Pour vacciner les cochons, du temps qu’on les élevait encore à la ferme, le vétérinaire entrait dans leur enclos la seringue à la main. Il fallait que les bêtes se tiennent tranquilles et se laissent approcher. Chaque praticien avait son truc.
Celui qu’utilisait un vétérinaire de mes amis, dont j’ai déjà plusieurs fois parlé (truc qu’il tenait de son père, vétérinaire lui aussi) était aussi simple qu’insolite : il sifflait une marche militaire.

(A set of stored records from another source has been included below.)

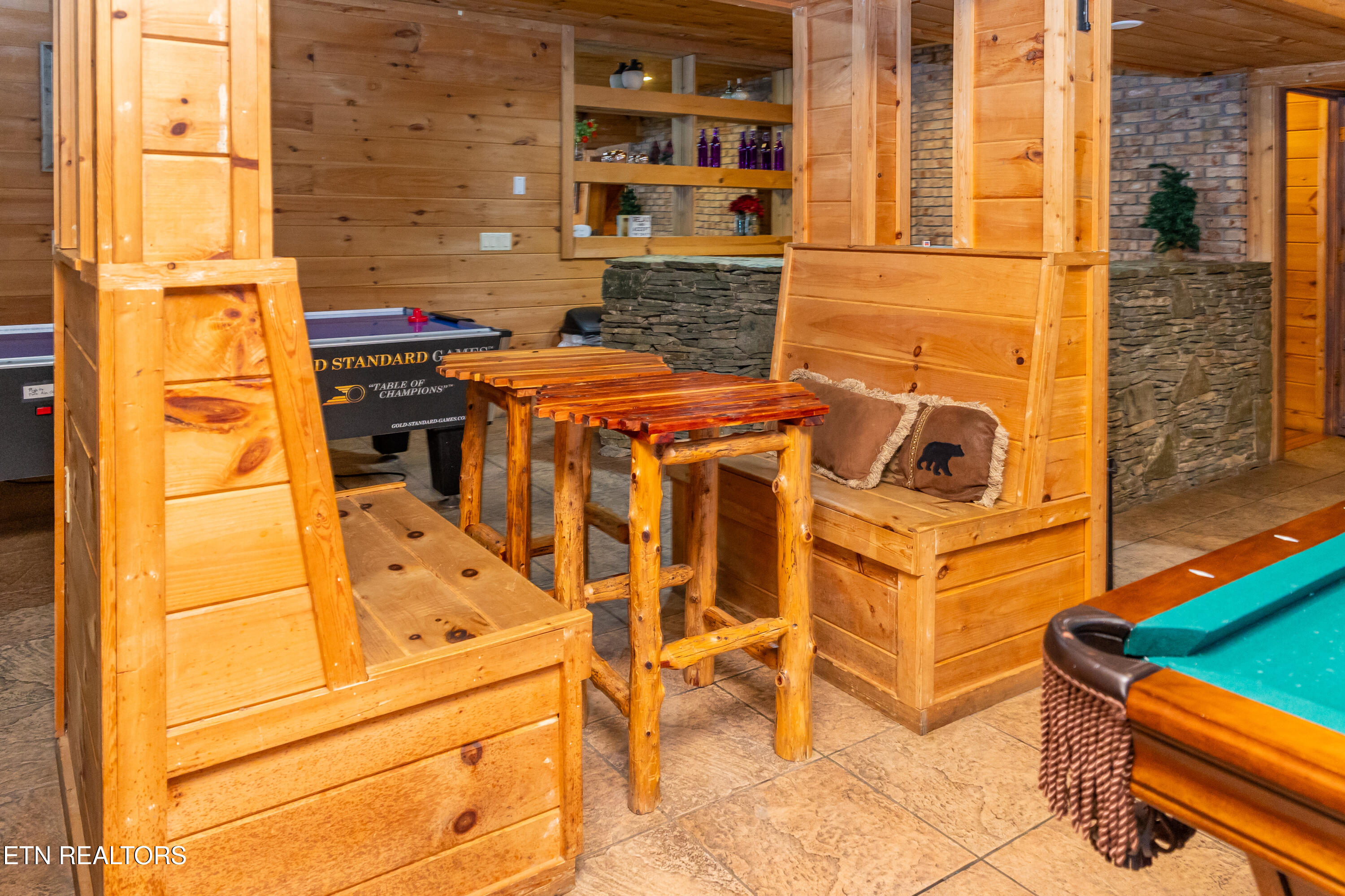 829 Boone Acres Lane Pigeon Forge TN 37863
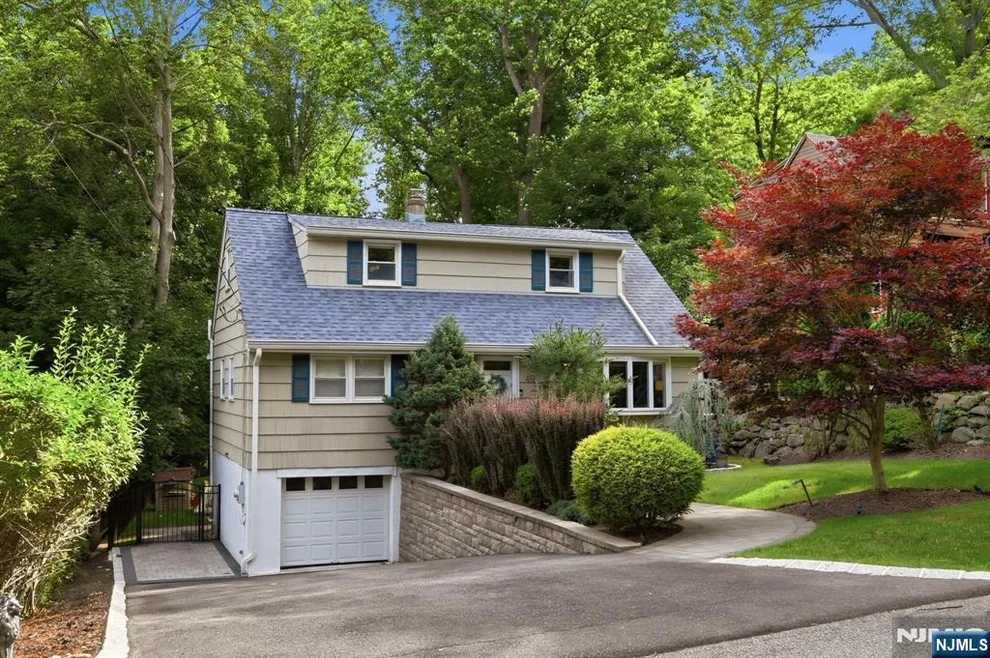 Unit for sale at 49 Pawnee, Oakland, NJ 07436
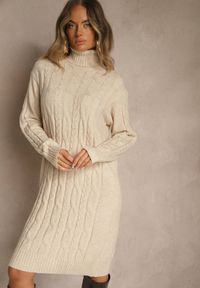 Renee - Jasnobeżowa Prążkowana Sukienka z Golfem z Dzianiny z Wełną Essandra. Okazja: na co dzień. Typ kołnierza: golf. Kolor: beżowy. Materiał: wełna, prążkowany, dzianina. Typ sukienki: proste. Styl: casual #4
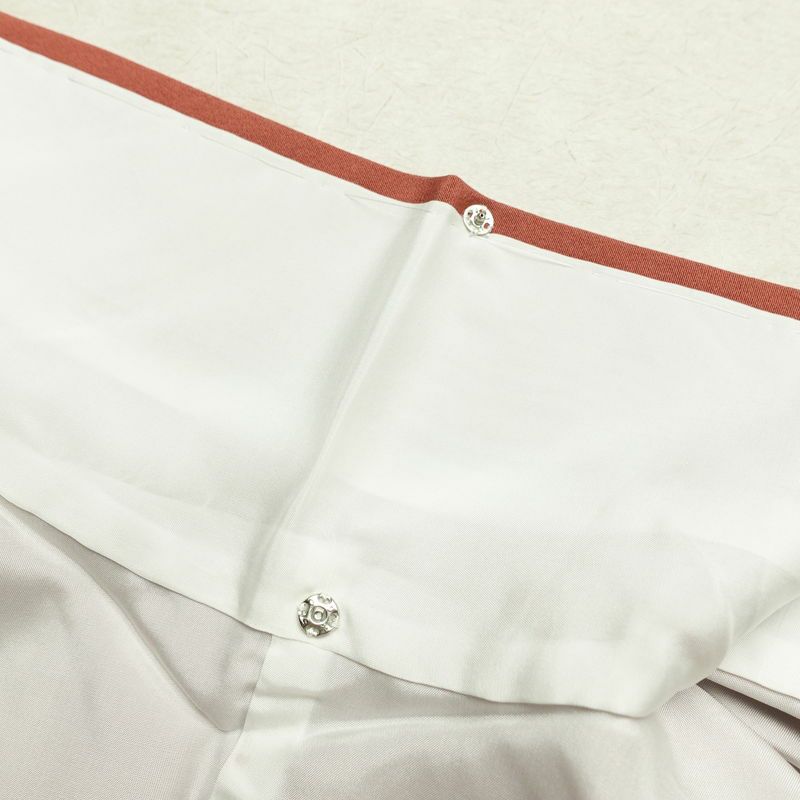 色無地 良品 落款入り 縮緬 一つ紋付き 正絹 無地 袷仕立て 身丈166cm 裄丈67.5cm 一部しつけ糸付き ピンク_画像20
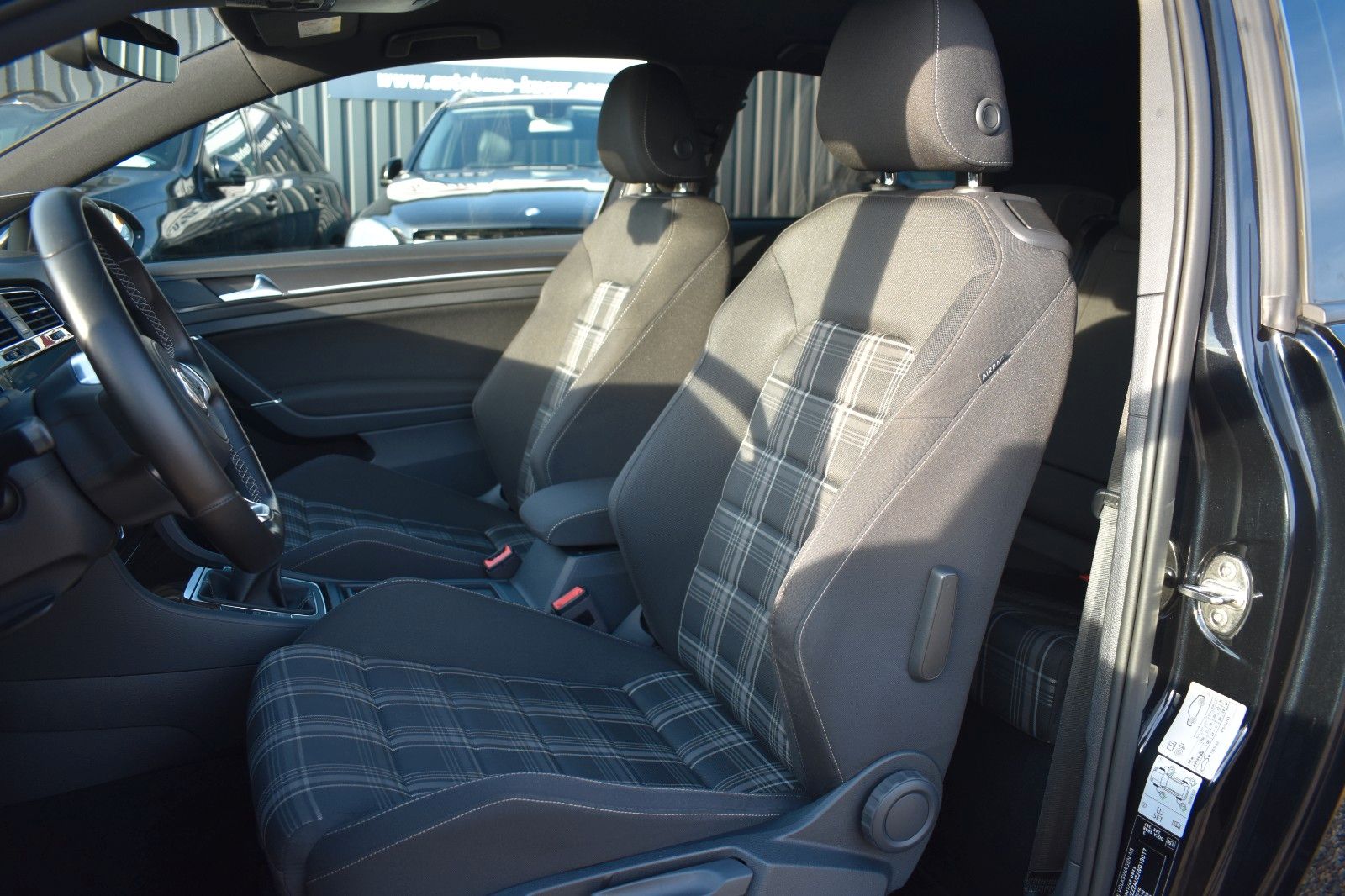 Fahrzeugabbildung Volkswagen Golf VII Lim. GTD BMT/Start-Stopp DYNAUDIO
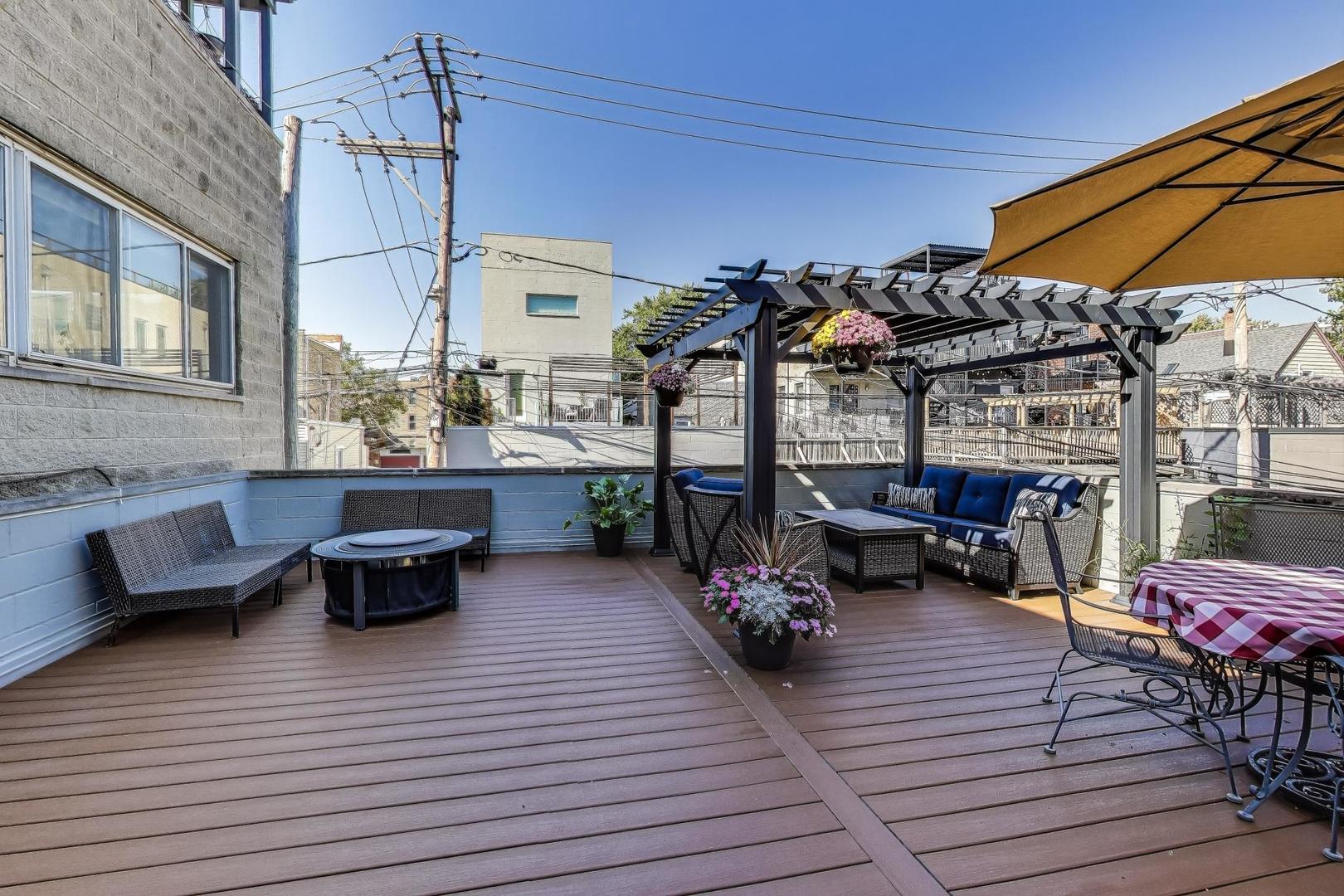 1012 N Wood Street Unit: 2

Cela suffisait généralement pour que les bêtes se figent, comme au garde-à-vous. Il n’expliquait pas la chose, mais elle n’en était pas moins empiriquement attestée par de nombreuses observations.
Or un jour qu’il avait ainsi entonné la Marseillaise, air martial par excellence, les cochons, loin de se calmer, s’agitèrent considérablement. Ils se bousculaient en tous sens, devenaient agressifs. Il arrêta de siffler, l’agitation retomba. Mais les porcs restaient trop nerveux pour se laisser piquer. Il décida donc d’essayer une autre musique, et opta pour l’Internationale. Succès immédiat. Les cochons s’immobilisèrent en écoutant respectueusement.
C’est le paysan qui devint furieux. Il accusa le vétérinaire de faire du renseignement politique, et d’user de ce moyen pour connaitre l’opinion des gens: – Là, vous savez maintenant que je suis communiste !, grogna-t-il. – Si vous le dites, répondit le véto. Mais du point de vue de la dialectique historique, vous pourriez tout aussi bien être capitaliste. Vous êtes le maître, et eux les esclaves. Pourquoi vos cochons seraient-ils du même bord que vous ?
Magnifique, toute expérience est bonne avec les cochons.
Excellente anecdote !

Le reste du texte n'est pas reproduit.